• Try it:
From the records below, output exactly the lines running from the line containing "5 Pack Modern" through the line containing "Sublimated Golfer", and no others.

Caption-style text data
[Start of section]

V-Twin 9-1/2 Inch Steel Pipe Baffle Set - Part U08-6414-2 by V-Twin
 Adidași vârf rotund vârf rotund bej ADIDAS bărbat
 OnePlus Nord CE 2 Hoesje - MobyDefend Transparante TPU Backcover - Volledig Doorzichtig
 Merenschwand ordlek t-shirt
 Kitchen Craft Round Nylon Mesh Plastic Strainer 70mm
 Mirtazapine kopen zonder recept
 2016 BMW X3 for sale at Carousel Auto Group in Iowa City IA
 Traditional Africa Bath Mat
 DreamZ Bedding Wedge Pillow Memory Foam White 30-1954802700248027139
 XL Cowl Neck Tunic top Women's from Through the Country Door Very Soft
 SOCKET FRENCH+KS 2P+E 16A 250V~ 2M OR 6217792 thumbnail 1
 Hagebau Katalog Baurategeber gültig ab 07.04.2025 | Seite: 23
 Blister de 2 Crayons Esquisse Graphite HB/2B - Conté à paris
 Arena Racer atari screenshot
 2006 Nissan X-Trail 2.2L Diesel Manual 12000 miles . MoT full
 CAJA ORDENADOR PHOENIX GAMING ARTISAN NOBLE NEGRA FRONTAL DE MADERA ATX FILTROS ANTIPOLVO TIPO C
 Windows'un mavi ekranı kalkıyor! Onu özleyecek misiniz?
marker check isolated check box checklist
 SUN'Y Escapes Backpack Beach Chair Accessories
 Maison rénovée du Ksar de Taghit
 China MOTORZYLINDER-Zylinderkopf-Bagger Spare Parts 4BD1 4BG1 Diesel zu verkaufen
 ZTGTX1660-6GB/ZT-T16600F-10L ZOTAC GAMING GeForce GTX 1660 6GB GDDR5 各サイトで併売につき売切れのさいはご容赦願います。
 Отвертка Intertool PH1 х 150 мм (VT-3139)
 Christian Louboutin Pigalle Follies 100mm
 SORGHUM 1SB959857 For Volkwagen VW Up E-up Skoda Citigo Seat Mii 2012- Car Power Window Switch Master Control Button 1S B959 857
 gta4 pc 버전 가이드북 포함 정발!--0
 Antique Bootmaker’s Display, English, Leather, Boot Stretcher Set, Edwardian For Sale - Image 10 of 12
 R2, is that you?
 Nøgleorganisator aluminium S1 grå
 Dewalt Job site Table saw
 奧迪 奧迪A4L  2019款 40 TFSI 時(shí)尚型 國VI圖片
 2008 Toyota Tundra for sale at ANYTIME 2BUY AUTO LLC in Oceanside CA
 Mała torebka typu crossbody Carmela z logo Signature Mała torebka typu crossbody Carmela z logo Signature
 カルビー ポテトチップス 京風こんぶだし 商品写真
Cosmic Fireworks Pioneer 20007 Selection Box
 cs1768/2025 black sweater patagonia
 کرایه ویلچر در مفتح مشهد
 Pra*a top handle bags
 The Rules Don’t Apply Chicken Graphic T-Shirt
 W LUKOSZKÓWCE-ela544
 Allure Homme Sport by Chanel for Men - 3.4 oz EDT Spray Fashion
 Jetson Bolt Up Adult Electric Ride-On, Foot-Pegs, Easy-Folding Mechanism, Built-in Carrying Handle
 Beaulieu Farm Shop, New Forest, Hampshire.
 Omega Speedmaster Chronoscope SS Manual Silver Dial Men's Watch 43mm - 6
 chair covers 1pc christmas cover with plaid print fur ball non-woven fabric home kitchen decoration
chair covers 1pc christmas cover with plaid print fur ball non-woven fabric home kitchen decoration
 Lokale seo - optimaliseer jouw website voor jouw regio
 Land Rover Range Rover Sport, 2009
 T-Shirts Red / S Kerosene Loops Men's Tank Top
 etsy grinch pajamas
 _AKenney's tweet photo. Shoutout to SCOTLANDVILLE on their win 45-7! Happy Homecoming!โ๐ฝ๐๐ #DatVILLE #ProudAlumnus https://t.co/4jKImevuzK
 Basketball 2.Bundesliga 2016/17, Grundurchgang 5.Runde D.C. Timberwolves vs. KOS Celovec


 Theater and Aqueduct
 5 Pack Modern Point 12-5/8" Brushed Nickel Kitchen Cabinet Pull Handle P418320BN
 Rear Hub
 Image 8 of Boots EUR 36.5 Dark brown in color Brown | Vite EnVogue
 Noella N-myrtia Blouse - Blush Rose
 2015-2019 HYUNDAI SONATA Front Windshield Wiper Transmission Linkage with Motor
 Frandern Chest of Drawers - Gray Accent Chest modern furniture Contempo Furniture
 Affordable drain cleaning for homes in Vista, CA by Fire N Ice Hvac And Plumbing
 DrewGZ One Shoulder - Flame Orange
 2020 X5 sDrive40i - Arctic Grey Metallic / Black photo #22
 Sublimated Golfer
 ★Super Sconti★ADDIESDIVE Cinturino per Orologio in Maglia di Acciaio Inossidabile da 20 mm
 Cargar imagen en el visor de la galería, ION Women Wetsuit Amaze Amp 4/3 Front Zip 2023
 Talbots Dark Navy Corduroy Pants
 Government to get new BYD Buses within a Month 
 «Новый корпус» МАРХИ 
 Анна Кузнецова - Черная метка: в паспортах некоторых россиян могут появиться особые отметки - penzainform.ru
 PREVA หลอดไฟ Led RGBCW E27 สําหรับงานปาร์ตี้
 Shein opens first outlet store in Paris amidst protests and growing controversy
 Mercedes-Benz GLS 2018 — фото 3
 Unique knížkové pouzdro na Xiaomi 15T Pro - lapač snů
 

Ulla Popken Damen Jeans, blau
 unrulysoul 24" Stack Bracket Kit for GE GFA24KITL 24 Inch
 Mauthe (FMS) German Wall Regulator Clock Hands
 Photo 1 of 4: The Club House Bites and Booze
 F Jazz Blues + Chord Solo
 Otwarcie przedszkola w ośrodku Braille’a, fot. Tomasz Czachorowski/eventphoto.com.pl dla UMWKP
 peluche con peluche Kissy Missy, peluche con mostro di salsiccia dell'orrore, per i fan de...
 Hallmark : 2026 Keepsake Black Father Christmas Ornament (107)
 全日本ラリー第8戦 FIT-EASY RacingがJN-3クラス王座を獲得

[End of section]

• Task solution:
 5 Pack Modern Point 12-5/8" Brushed Nickel Kitchen Cabinet Pull Handle P418320BN
 Rear Hub
 Image 8 of Boots EUR 36.5 Dark brown in color Brown | Vite EnVogue
 Noella N-myrtia Blouse - Blush Rose
 2015-2019 HYUNDAI SONATA Front Windshield Wiper Transmission Linkage with Motor
 Frandern Chest of Drawers - Gray Accent Chest modern furniture Contempo Furniture
 Affordable drain cleaning for homes in Vista, CA by Fire N Ice Hvac And Plumbing
 DrewGZ One Shoulder - Flame Orange
 2020 X5 sDrive40i - Arctic Grey Metallic / Black photo #22
 Sublimated Golfer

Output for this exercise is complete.